On Friday, Campari Group executives joined by members of the political directorate commissioned into operation a new column still valued at US$14.1 million and unveiled a US$65-million Vinasse (dunder) treatment plant slated for completion in 12 months at its New Yarmouth distillery in Gimme-Me-Bit, Clarendon.
Construction of the “one-of-a-kind”, “state-of-the art” column still began in the summer of 2020 and was completed in October 2021. The technology was designed to enable automated operation and control in the rum-making process and will cut JWN’s energy consumption by about 30 per cent while reducing waste generation of dunder by around 20 per cent.
Dunder is the waste left from rum distillation, comprising ammonia and sulphur compounds, which can have a negative impact on the environment if not treated.
The new equipment will also enable JWN to triple its production capacity from 20,000 litres of rum to 60,000 litres, according to Campari Vice-President of Manufacturing — Americas Crea Kitcher. Additionally, it allows the company to increase the number of marques it is able to produce.

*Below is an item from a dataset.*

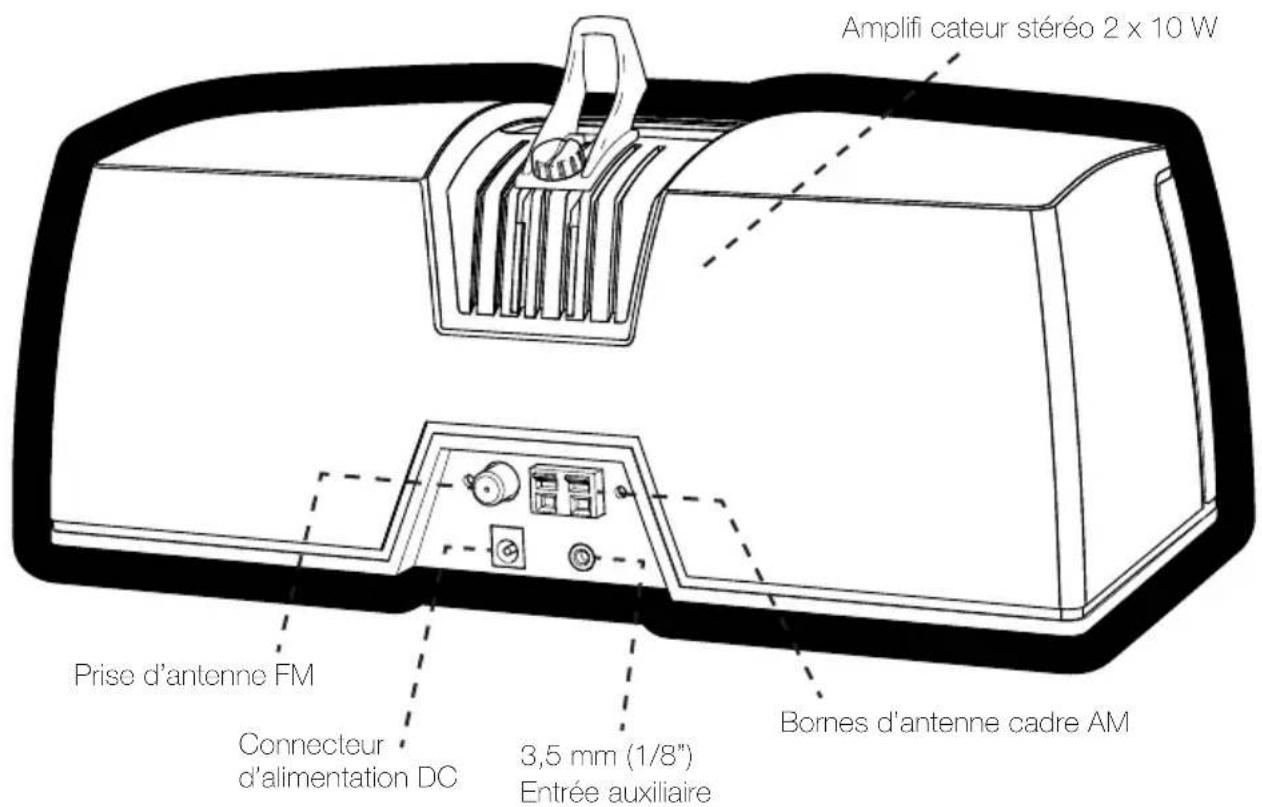 KICKER ZK 150 - WICHTIGESICHERHEITSHINWEISE - 2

“The ability to produce multiple rum marques from a single column means that it increases the amount of rum that can be produced. This means that even more will be produced to supply demand, ensuring there are no shortages of rum here and a significantly increased production to take advantage of the global market,” chairman of the Spirits Pool Association Clement “Jimmy” Lawrence explained.
He also pointed out that this bodes well for the spirits industry and, by extension, Jamaica, which will realise increased earnings in foreign exchange through additional exports of rum.
Speaking to the
Jamaica Observer during a tour of the plant, Lawrence pointed out that the new investments being commissioned are “a part of what we dreamed of” now becoming reality. The former JWN chairman, who served the local rum producer from 2016 to 2021, said while there was a commitment to achieve such investments, “there wasn’t the necessary resources to make all of this happen”. Nevertheless, he is satisfied with the accomplishment.
The column is one of the largest in the Caribbean and is uniquely designed with technology to consume about 20 per cent less energy when compared to regional standards. In addition to optimising energy, it delivers improved waste generation by reducing about 27 per cent of dunder.
According to JWN Senior Director of Supply Chain Georgina Rueda, “Both the energy efficiency and waste reduction are key steps in our sustainability journey.”
At the same time, the company’s dunder treatment plant will convert the waste material into concentrated molasses solids, which can be used to create animal feed for livestock, and combine it with water for the fertigation of crops. As such, JWN will ensure that its waste management needs are met as it increases production.
Managing director of JWN Jean-Philippe Beyer pointed out that the plant has created “a commercially viable and environmentally-friendly solution to address” the challenge of waste management.
“As our distillery’s capacity has doubled, we are producing more dunder than ever. The new plant will treat the waste sustainably, allowing us to overcome challenges posed by adverse weather conditions and changing weather patterns due to global warming,” he explained.
Now in its first phase, the dunder treatment plant will process approximately 264,000 cubic metres of waste in 2024. However, when asked by
Observer for a timeline for the second phase of development, Kitcher said that there was none finalised for this year.
Welcoming the new investments, minister without portfolio in the Ministry of Economic Growth and Job Creation Senator Matthew Samuda said the initiatives demonstrate that “in working with government and looking at the regulatory framework and queueing up investments in a sensible way, Jamaica can achieve its environmental targets while achieving the prosperity and economic development we all seek.”
Since acquiring the JWN operation in 2012 Campari has invested more than $193 million in the local entity. Of that amount, US$6.2 million was invested in a wastewater treatment plant, solar photovoltaic system, and solid waste recycling facility at the company’s Spanish Town Road plant in St Andrew; and US$7 million was invested in the branding of the Joy Spence Experience at Appleton Estate in St Elizabeth.
Campari CEO Bob Kunze-Concewitz pointed out, too, that the company has invested in the creation of an Appleton Estate duty-free boutique at Sangster International Airport in Montego Bay. The company has also invested US$10 million annually in the local brand.